▶ **Work item**: Output the full listing exactly, character for character.

▶ **Task input**:

........

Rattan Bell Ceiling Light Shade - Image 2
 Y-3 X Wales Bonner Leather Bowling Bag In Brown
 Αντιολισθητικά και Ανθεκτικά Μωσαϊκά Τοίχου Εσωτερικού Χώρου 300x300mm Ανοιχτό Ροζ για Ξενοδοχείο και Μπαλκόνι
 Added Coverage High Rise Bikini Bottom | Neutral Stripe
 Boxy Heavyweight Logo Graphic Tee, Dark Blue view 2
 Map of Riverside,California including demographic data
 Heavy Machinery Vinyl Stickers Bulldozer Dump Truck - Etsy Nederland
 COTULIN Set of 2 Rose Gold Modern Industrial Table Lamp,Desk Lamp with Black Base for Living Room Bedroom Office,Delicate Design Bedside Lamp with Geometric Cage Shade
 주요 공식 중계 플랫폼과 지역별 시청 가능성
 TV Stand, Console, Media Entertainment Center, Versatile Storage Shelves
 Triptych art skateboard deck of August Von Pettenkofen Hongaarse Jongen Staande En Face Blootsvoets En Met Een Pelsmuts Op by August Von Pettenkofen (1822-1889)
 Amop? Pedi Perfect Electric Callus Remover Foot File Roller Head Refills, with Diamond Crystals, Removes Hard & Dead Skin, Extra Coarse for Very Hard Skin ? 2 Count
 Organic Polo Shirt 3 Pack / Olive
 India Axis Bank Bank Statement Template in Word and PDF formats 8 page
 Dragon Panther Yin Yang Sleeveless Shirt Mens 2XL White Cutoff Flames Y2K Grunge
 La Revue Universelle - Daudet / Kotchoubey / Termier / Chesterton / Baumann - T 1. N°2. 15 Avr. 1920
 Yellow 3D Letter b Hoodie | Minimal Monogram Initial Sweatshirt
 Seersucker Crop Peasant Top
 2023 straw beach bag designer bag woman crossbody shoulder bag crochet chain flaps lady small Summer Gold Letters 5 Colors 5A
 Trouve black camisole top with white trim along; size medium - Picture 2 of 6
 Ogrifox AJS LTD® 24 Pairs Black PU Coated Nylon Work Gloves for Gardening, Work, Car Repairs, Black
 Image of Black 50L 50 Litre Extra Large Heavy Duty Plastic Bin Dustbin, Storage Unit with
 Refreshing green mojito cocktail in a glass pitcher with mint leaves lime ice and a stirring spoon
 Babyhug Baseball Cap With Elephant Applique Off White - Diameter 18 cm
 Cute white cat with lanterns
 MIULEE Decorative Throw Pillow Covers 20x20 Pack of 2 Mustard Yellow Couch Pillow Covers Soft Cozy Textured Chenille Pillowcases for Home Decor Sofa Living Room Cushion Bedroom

........

▶ **Response box**:
Rattan Bell Ceiling Light Shade - Image 2
 Y-3 X Wales Bonner Leather Bowling Bag In Brown
 Αντιολισθητικά και Ανθεκτικά Μωσαϊκά Τοίχου Εσωτερικού Χώρου 300x300mm Ανοιχτό Ροζ για Ξενοδοχείο και Μπαλκόνι
 Added Coverage High Rise Bikini Bottom | Neutral Stripe
 Boxy Heavyweight Logo Graphic Tee, Dark Blue view 2
 Map of Riverside,California including demographic data
 Heavy Machinery Vinyl Stickers Bulldozer Dump Truck - Etsy Nederland
 COTULIN Set of 2 Rose Gold Modern Industrial Table Lamp,Desk Lamp with Black Base for Living Room Bedroom Office,Delicate Design Bedside Lamp with Geometric Cage Shade
 주요 공식 중계 플랫폼과 지역별 시청 가능성
 TV Stand, Console, Media Entertainment Center, Versatile Storage Shelves
 Triptych art skateboard deck of August Von Pettenkofen Hongaarse Jongen Staande En Face Blootsvoets En Met Een Pelsmuts Op by August Von Pettenkofen (1822-1889)
 Amop? Pedi Perfect Electric Callus Remover Foot File Roller Head Refills, with Diamond Crystals, Removes Hard & Dead Skin, Extra Coarse for Very Hard Skin ? 2 Count
 Organic Polo Shirt 3 Pack / Olive
 India Axis Bank Bank Statement Template in Word and PDF formats 8 page
 Dragon Panther Yin Yang Sleeveless Shirt Mens 2XL White Cutoff Flames Y2K Grunge
 La Revue Universelle - Daudet / Kotchoubey / Termier / Chesterton / Baumann - T 1. N°2. 15 Avr. 1920
 Yellow 3D Letter b Hoodie | Minimal Monogram Initial Sweatshirt
 Seersucker Crop Peasant Top
 2023 straw beach bag designer bag woman crossbody shoulder bag crochet chain flaps lady small Summer Gold Letters 5 Colors 5A
 Trouve black camisole top with white trim along; size medium - Picture 2 of 6
 Ogrifox AJS LTD® 24 Pairs Black PU Coated Nylon Work Gloves for Gardening, Work, Car Repairs, Black
 Image of Black 50L 50 Litre Extra Large Heavy Duty Plastic Bin Dustbin, Storage Unit with
 Refreshing green mojito cocktail in a glass pitcher with mint leaves lime ice and a stirring spoon
 Babyhug Baseball Cap With Elephant Applique Off White - Diameter 18 cm
 Cute white cat with lanterns
 MIULEE Decorative Throw Pillow Covers 20x20 Pack of 2 Mustard Yellow Couch Pillow Covers Soft Cozy Textured Chenille Pillowcases for Home Decor Sofa Living Room Cushion Bedroom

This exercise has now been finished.